Vivimos en un mundo lleno de ficciones que aceptamos como verdades no porque estén demostradas, sino porque nos resultan cómodas. Nadie fotografió ni grabó a Jesús, Moisés o Mahoma en tiempo real, y aun así organizamos sistemas morales, políticos y culturales enteros sobre sus imágenes y relatos transmitidos durante siglos. No es un problema religioso; es humano. Preferimos historias que ordenan el mundo antes que preguntas que lo desestabilizan.
Ese mecanismo no ha desaparecido. Al contrario, se ha acelerado. Hoy discutimos sobre vacunación, cambio climático, derechos territoriales en disputas internacionales, economía de mercado o educación y sus estándares como si estuviéramos defendiendo hechos puros, cuando en realidad defendemos narrativas. Cada bando selecciona datos, expertos y episodios históricos que encajan con la historia que ya decidió creer. Y cuanto más convincente es el relato, menos sentimos la necesidad de verificarlo.
La pregunta clave ya no es “¿cuál es la verdad?”, sino qué tipo de verdad estamos dispuestos a aceptar sin resistencia. Confundimos hechos con interpretaciones, probabilidades con certezas y símbolos con evidencia. Cuando todo se mezcla, el debate deja de ser un intercambio racional y se convierte en una lucha por imponer relatos.
A esto se suma un actor decisivo: la inteligencia artificial. Hoy, la mayor fábrica de relatos no es la religión, la política ni los medios tradicionales, sino la I.A. Produce textos, imágenes, argumentos y emociones con una eficacia inédita. Y seamos honestos: para muchos de sus mentores y financiadores, la pregunta no es qué relato es más verdadero, sino qué relato genera más dinero, más clics, más adhesión, más dependencia. La I.A. no busca la verdad; optimiza impacto. Aprende qué nos indigna, qué nos tranquiliza, qué nos convence y qué nos hace volver, y nos lo devuelve mejor escrito de lo que podríamos hacerlo nosotros.
El problema no es la tecnología. El problema somos nosotros, que aceptamos sin resistencia los relatos que nos confirman y rechazamos los que nos incomodan. Llamamos “pensamiento crítico” a elegir entre narrativas ya masticadas y “libertad de opinión” a no revisar nuestras propias creencias.
Aquí la educación queda directamente interpelada. Una buena educación ya no puede prometer certezas, ni transmitir verdades cerradas para ser memorizadas y repetidas. Su tarea no es tranquilizar conciencias, sino formar personas capaces de distinguir hechos de relatos, evidencia de opinión y conocimiento de propaganda.
Educar bien hoy no es lograr que los estudiantes tengan respuestas rápidas, sino que aprendan a hacer preguntas incómodas. No es enseñarles qué pensar sobre vacunas, guerras, tecnología o política, sino cómo evaluar quién habla, desde dónde, con qué intereses y con qué límites. Eso exige tiempo, fricción intelectual y la aceptación de que no todo conflicto debe resolverse con una respuesta correcta.

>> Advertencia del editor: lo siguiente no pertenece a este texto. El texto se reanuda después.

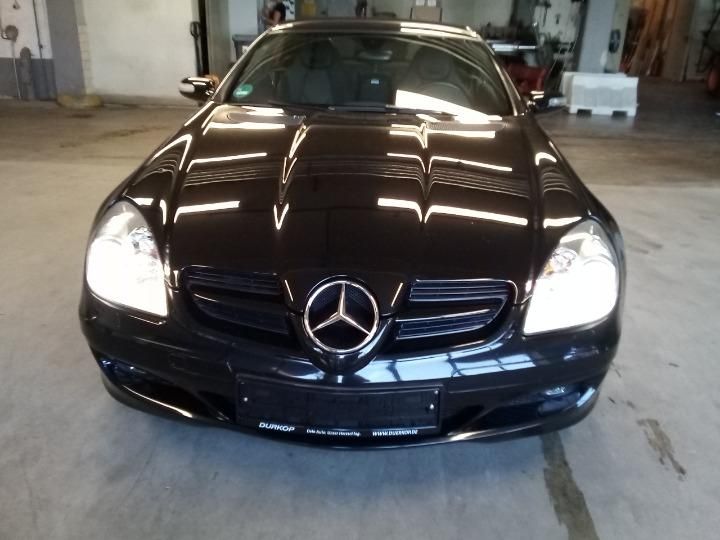 Photo 8 VIN: WDB1714421F031478 - MERCEDES-BENZ SLK-CLASS CABRIOLET 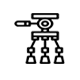 Corn Bush Pressing Machine for Cylinder Block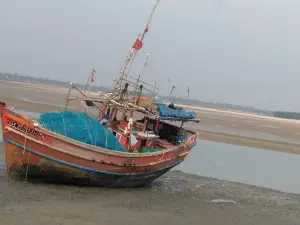 Mohona Watch Point দীঘা মোহনা ওয়াচ পয়েন্ট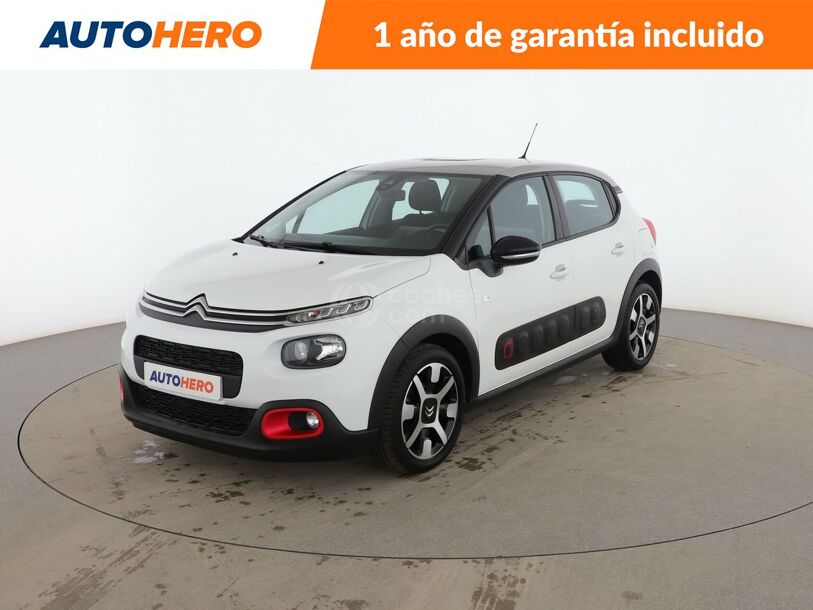 Foto del CITROEN C3 1.2 PureTech S&S Elle 82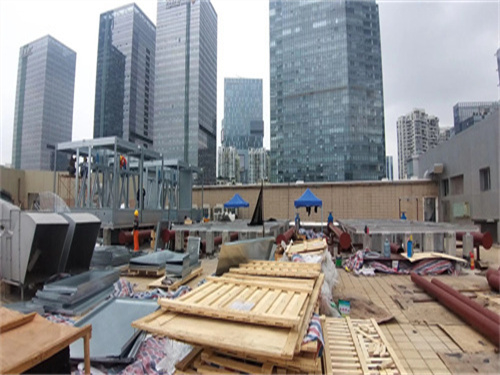 玻璃鋼冷卻塔廠家淺析冷卻塔是如何做到不耗電也能降溫的(玻璃鋼冷卻塔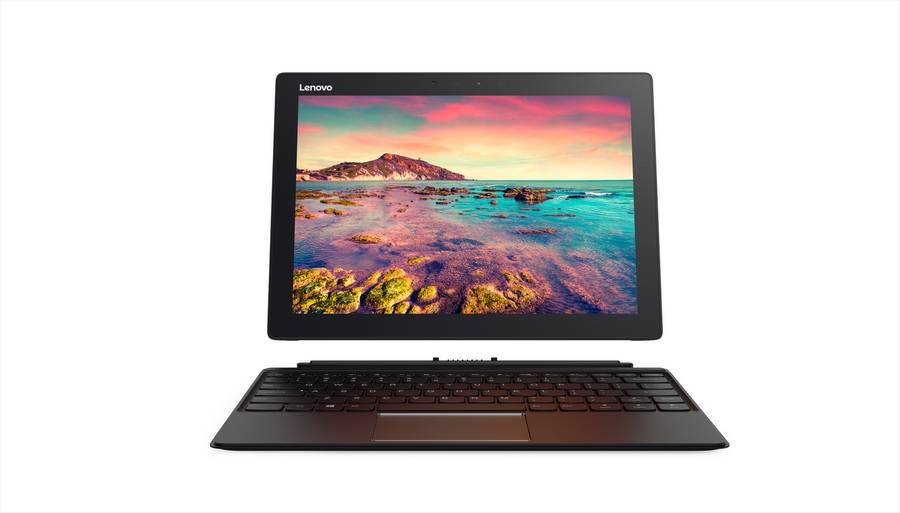 الإعلان رسميا عن الجهاز اللوحي Lenovo Miix 720 مع القلم Lenovo Active Pen 2 Miix-720-Black-10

Sin embargo, muchos colegios han optado por el camino inverso convencional: currículos sin fricción, evaluaciones que premian la repetición de relatos y discursos correctos que evitan el desacuerdo. Se enseña a opinar, pero no a dudar; a responder, pero no a desarmar argumentos; a consumir relatos, no a resistirlos.
En un mundo donde la inteligencia artificial puede fabricar argumentos, imágenes y emociones a la carta, la educación no compite con la I.A. en velocidad ni en volumen, sino en algo que ella no tiene: criterio, juicio ético, sentido de responsabilidad y conciencia de la propia ignorancia.
Una buena educación no busca producir creyentes de nuevas verdades, sino ciudadanos intelectualmente sobrios, capaces de convivir con la incertidumbre sin entregarse al fanatismo ni a la seducción del relato que mejor confirma lo que ya creen.
Tal vez esa sea hoy su misión más urgente: enseñar a pensar antes de adherir, y a desconfiar incluso —y sobre todo— de las verdades que vienen envueltas en un discurso perfectamente diseñado para gustarnos. Quizá sean esos factores los que puedan guiar a los padres que buscan la mejor educación para sus hijos.